Figure 9 shows the prediction results by plotting the actual speeds and predicted speeds for all test instances. We see that prediction is mostly consistent, that is, random fluctuations in prediction are minor. There are fluctuations as a group of neighboring instances which means that there is inaccuracy in the control and measurement of the speed. As we mentioned earlier, speed control and measurement is done using the cruise control of the vehicle. This is a device which tries to keep the speed fixed at a determined value. But as with all control systems, it can control with a certain uncertainty. The road slope variation causes vehicle speed to follow a variable pattern. This shows that if measurement and control could be done more precisely, the method would perform better. Under these conditions, the results indicate that our method is able to predict the speed of the vehicle with 1.11 km/h average absolute error and its corresponding 2.11% relative error with ±0.453 s time sensitivity by sound emission analysis using an on-board microphone. These results are in the speed range between 30 and 80 km/h and they are under steady-state conditions. Testing with other vehicles, at other speed ranges and under dynamic conditions, the method can be extended for the design of a new kind of speed sensor. Speed measurement and control must be done more precisely in these tests. Time sensitivity may also be improved by reducing the window size. The algorithm can be optimized along with the use of a faster CPU. These are to be performed in a future study in order to generalize the method to the design of a new kind of vehicle speed sensor.

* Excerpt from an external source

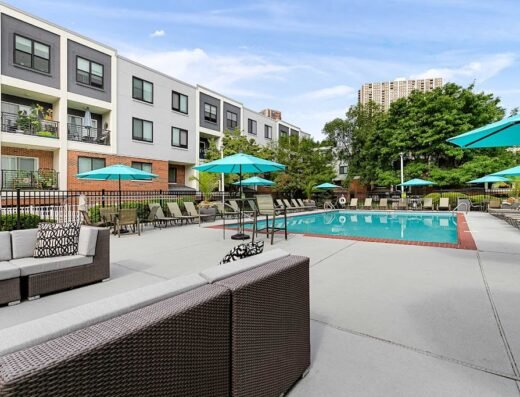 River Club Apartments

Actual speeds (blue) and predicted speeds (red) for all test instances.
Conclusion
An approach for predicting vehicle speed by sound emission analysis using an on-board microphone is presented. WPD is used as the analysis tool and is explored for different wavelet base functions at various depths. Daubechies db8 mother wavelet is found to give the best result at depth 6. Features of Log Energy Entropy, Norm Entropy, and Energy are explored and Norm Entropy is found to give the best accuracy with p = 1.1. Using the final nodes of the WPD than using all nodes gives better prediction accuracy. Analysis of the variation of Norm Entropy among final nodes shows us that the first 16 nodes, which are the lower frequency nodes, show distinction under varying speed, therefore only these contribute to prediction and we only keep these nodes in the remaining part of the analysis. Fine-tuning of the parameters is finalized by pruning the MLP until two hidden layers of 10 and 5 neurons which gives the best accuracy. The aforementioned search in the parameter spaces serves as an optimization and contributes to the success of our method. Under the limitations of controlling the vehicle speed with the cruise control of the vehicle, an average prediction rate of 97.89% is achieved with 1.11 km/h mean absolute error and 2.11% relative error. This is in the speed range between 30 and 80 km/h and under steady-state condition. The plot of the actual and predicted speeds shows us that predicted speeds sometimes fluctuate consistently as a group in a neighborhood, which shows that there is uncertainty in controlling and measurement of the speed of the vehicle with cruise control because of varying road slopes. In a future study with better control and measurement of the vehicle speed and doing tests with other vehicles, at other speed ranges and under dynamic conditions, the proposed method can be generalized for use in the development of a new kind of speed sensor. Time sensitivity is ±0.453 s and can be improved using other window widths. The algorithms can be optimized along with the use of a faster CPU. Overall, current results present us with a promising candidate for the development of a new kind of vehicle speed sensor by sound signal analysis using an on-board microphone.
Footnotes
Declaration of conflicting interests
The author(s) declared no potential conflicts of interest with respect to the research, authorship, and/or publication of this article.
Funding
The author(s) received no financial support for the research, authorship, and/or publication of this article.